◆ **Prompt**
Instruction for the data below: set down exactly the lines from the line with "Cute cartoon animal" to the line with "KS license plate 419AFS", inclusive, and no others.

◆ **Records shown**
------------------------------------------------------------
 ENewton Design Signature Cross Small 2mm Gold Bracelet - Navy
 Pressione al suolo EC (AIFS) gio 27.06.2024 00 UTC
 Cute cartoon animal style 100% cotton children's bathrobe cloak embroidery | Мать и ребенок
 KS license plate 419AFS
------------------------------------------------------------
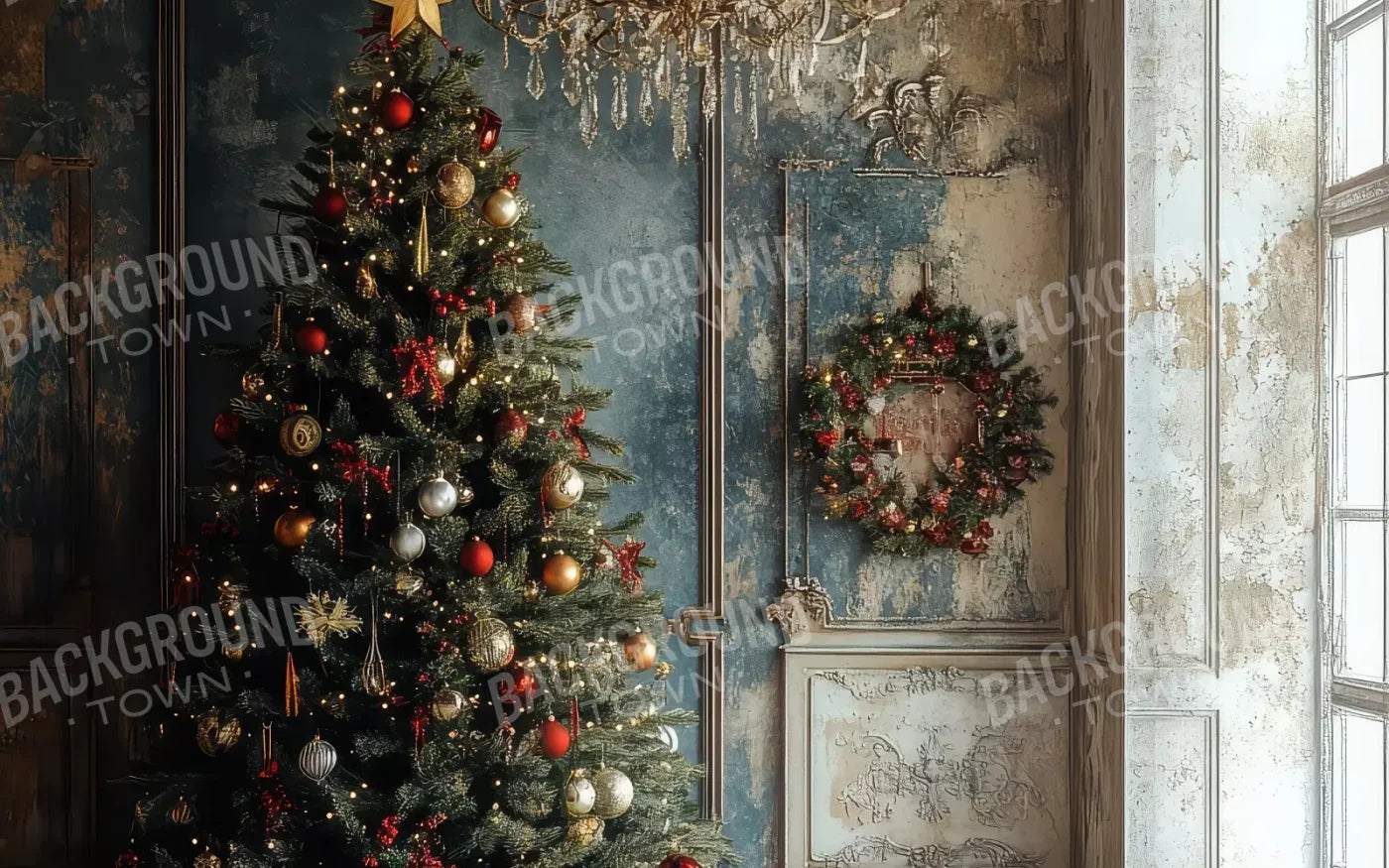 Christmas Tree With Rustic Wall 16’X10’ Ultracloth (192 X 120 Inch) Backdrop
------------------------------------------------------------
◆ **Answer box**
 Cute cartoon animal style 100% cotton children's bathrobe cloak embroidery | Мать и ребенок
 KS license plate 419AFS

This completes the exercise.